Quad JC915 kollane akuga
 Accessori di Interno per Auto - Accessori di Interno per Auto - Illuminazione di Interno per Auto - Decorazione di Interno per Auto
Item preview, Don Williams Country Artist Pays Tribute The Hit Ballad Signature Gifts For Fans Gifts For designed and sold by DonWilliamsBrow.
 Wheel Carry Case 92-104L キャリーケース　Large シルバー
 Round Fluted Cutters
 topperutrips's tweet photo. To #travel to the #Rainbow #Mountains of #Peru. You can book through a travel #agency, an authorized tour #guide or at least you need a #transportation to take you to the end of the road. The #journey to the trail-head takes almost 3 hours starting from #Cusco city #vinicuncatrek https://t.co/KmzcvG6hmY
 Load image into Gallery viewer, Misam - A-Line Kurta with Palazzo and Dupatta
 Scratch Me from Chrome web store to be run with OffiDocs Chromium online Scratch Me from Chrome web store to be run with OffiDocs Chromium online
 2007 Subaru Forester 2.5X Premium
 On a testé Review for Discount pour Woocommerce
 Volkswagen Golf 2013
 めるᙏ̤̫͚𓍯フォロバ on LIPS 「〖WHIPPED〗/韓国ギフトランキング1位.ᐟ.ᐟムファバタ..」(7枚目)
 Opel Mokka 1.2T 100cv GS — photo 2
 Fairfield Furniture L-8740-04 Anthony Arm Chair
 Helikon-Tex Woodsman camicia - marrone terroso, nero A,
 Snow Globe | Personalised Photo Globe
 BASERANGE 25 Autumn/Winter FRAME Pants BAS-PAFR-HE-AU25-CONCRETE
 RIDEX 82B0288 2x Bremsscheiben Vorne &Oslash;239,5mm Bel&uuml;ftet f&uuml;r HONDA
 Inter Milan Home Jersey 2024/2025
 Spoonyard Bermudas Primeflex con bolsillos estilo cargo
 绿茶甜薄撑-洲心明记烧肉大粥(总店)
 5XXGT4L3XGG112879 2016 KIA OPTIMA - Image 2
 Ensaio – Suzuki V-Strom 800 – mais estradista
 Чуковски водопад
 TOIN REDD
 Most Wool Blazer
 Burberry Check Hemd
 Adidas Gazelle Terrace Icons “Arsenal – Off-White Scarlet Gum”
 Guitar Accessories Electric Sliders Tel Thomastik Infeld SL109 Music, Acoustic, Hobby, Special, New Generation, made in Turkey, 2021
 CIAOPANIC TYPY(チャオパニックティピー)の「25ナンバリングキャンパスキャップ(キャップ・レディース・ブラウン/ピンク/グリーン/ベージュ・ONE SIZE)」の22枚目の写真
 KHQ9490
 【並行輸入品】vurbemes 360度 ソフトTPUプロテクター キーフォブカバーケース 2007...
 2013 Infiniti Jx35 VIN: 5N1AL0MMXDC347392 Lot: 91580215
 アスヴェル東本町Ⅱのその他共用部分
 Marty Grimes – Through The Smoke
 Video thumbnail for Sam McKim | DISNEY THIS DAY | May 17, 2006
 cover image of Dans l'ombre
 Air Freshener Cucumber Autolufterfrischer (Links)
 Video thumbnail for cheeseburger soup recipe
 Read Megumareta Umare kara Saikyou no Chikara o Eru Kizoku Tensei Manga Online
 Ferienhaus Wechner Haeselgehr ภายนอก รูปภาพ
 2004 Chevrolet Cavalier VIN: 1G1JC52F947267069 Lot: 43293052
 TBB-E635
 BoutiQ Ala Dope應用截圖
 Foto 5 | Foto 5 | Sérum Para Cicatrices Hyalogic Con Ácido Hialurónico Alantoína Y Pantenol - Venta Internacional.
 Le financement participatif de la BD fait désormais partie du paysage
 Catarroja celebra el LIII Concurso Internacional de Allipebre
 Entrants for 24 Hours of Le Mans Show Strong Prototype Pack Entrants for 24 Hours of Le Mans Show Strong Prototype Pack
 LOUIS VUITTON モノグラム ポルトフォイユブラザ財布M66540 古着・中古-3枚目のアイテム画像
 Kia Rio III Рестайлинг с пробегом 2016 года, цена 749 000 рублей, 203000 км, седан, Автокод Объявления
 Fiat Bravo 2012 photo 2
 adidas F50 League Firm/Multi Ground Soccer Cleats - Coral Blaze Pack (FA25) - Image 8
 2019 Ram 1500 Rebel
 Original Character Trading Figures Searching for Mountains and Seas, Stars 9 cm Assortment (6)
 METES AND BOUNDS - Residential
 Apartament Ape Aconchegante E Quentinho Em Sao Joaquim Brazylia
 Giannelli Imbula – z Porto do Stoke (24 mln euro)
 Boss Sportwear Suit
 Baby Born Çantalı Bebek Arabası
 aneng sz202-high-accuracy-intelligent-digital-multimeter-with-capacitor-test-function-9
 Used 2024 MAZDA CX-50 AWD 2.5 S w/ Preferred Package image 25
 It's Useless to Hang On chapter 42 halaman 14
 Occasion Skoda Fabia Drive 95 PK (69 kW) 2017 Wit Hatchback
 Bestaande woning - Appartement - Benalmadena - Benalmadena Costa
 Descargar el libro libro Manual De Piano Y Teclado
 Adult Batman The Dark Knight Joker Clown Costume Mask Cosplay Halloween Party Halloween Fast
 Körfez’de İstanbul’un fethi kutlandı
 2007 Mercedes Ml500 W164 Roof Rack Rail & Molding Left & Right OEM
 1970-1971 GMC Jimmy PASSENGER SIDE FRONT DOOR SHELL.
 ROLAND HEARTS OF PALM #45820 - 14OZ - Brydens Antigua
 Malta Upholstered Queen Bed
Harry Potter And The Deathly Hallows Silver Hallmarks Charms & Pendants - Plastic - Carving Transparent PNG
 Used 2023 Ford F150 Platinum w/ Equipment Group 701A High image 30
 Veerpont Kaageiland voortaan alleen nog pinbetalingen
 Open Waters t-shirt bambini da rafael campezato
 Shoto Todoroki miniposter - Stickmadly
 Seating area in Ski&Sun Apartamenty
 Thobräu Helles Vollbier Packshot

◆ ◆ ◆

* **Work required**
Reproduce every line from the preceding data in which the word "Internacional" can be found.

* **Answer for this exercise**
 Foto 5 | Foto 5 | Sérum Para Cicatrices Hyalogic Con Ácido Hialurónico Alantoína Y Pantenol - Venta Internacional.
 Catarroja celebra el LIII Concurso Internacional de Allipebre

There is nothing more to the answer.